- What is expected -
Every entry that follows should be output exactly, and every image in it left out.

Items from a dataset
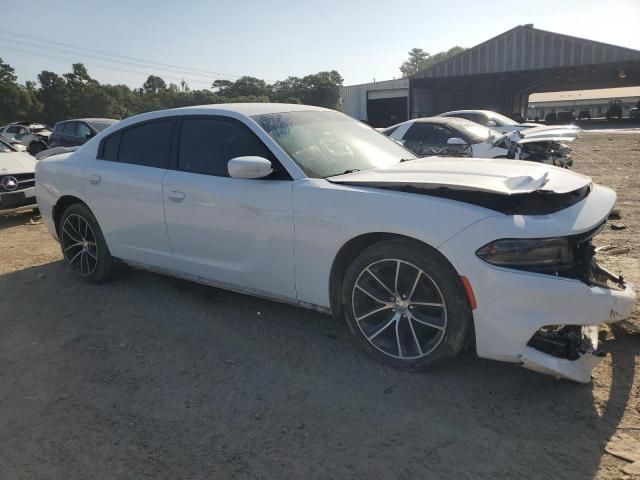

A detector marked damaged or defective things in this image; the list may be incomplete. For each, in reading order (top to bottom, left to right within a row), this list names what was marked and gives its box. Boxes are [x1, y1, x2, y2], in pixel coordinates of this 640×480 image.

crumpled hood [0, 152, 37, 174]
crumpled hood [328, 158, 592, 195]
broken headlight [476, 237, 568, 270]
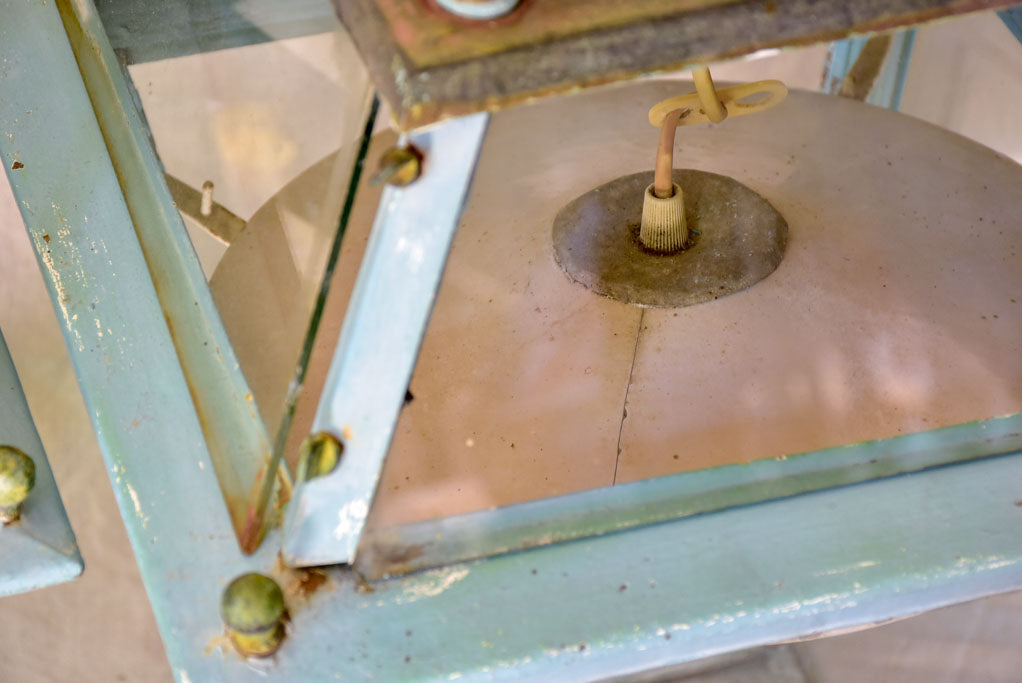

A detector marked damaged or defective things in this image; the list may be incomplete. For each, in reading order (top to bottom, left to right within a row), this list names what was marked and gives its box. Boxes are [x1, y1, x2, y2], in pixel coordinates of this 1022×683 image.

corroded metal edge [337, 0, 1013, 129]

- Problem solution -
A detector marked damaged or defective things in this image; the list may be incomplete. For each, in reading order (top to bottom, left to right within a row), this list names what was marked and gives its box. Boxes are [x1, y1, x2, y2], in pixel coordinates of this 640×480 image.

crumpled hood [0, 152, 37, 174]
crumpled hood [328, 158, 592, 195]
broken headlight [476, 237, 568, 270]

A detector marked damaged or defective things in this image; the list may be incomplete. For each, in reading order (top to bottom, left to right within a row), this list names what was marked and gives its box. Boxes are [x1, y1, x2, y2], in pixel coordinates of this 1022×683 image.

corroded metal edge [337, 0, 1013, 129]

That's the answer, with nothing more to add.